Apax Global Alpha Limited (LON:APAX) annual results for the year ended 31 December 2018.
Key highlights
· Total NAV Return1 was +7.1% (+5.4% constant currency)2 reflecting strong operational performance of the Private Equity portfolio and a positive contribution from Derived Debt
· Second semi-annual dividend of 4.12 pence per share declared, equivalent to 2.5% of euro NAV at 31 December 2018. Dividend will be paid on 5 April 2019
Outstanding commitments and funding sources
· AGA was 98% invested with a net cash balance of €17.3m. The facility was undrawn at the end of the period
· Outstanding commitments to the Apax Funds (together with recallable distributions) amounted to €251.8m (27% of NAV) with funding sources of €479.3m (51% of NAV). Funding sources comprise Derived Investments of €320.6m, undrawn facility of €140.0m, net cash of €17.3m and net current assets of €1.4m
Performance highlights
· The contributions to Total NAV Return1 of +7.1% were Private Equity +9.2%, Derived Investments -2.5%, FX +1.7% and costs and other movements -1.3%
· Derived Debt contributed +0.4% and Derived Equity -2.9% to Total NAV Return1
· Total Return of Private Equity was 17.4% (15.9% constant currency). Derived Debt delivered Total Return of 4.5% (0.3% constant currency). Derived Equity had negative Total Return of -17.6% (-17.4% constant currency).
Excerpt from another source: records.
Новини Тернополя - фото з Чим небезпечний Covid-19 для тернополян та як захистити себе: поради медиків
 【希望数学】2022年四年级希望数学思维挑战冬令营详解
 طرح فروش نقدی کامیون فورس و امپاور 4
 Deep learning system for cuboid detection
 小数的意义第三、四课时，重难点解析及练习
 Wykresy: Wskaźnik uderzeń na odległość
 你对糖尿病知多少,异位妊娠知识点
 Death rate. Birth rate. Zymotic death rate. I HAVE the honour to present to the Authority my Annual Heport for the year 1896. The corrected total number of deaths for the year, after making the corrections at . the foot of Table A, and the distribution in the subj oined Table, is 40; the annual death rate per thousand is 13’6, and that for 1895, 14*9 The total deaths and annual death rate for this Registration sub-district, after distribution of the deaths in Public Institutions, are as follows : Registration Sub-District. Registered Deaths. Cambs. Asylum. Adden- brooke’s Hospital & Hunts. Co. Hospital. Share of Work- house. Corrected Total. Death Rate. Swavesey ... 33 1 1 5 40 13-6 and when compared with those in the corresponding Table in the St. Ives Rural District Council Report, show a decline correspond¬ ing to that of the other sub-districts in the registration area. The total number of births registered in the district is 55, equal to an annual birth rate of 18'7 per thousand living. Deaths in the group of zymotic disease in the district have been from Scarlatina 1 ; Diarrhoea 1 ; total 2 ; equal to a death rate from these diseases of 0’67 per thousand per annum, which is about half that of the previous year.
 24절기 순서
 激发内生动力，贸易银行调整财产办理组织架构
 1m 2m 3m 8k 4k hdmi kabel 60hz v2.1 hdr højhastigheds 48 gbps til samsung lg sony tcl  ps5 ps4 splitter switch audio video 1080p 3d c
· Aggregate Gross IRR3 and Gross MOIC3 on Private Equity full exits was 50.2% and 4.3x. The 2018 full exits were achieved at a 22% uplift to the last Unaffected Valuation4.
· Gross IRR5 and Gross MOIC5 on Derived Debt exits was 11.0% and 1.2x and on Derived Equity exits was -15.8% and 0.9x
Commenting on the results, Tim Breedon CBE, Chairman of Apax Global Alpha, said:
“AGA’s results demonstrate the value accretion potential of our strong portfolio over the long-term.”
Ralf Gruss, COO of Apax Partners, said:
“AGA delivered positive returns in a year where most markets turned negative. The Private Equity portfolio had pleasing returns driven by the strong operational momentum in the portfolio companies and three lucrative exits. In Derived Investments, the quality of the Derived Debt portfolio allowed for outperformance against credit markets. Listed equity investments however disappointed and could not withstand market volatility.”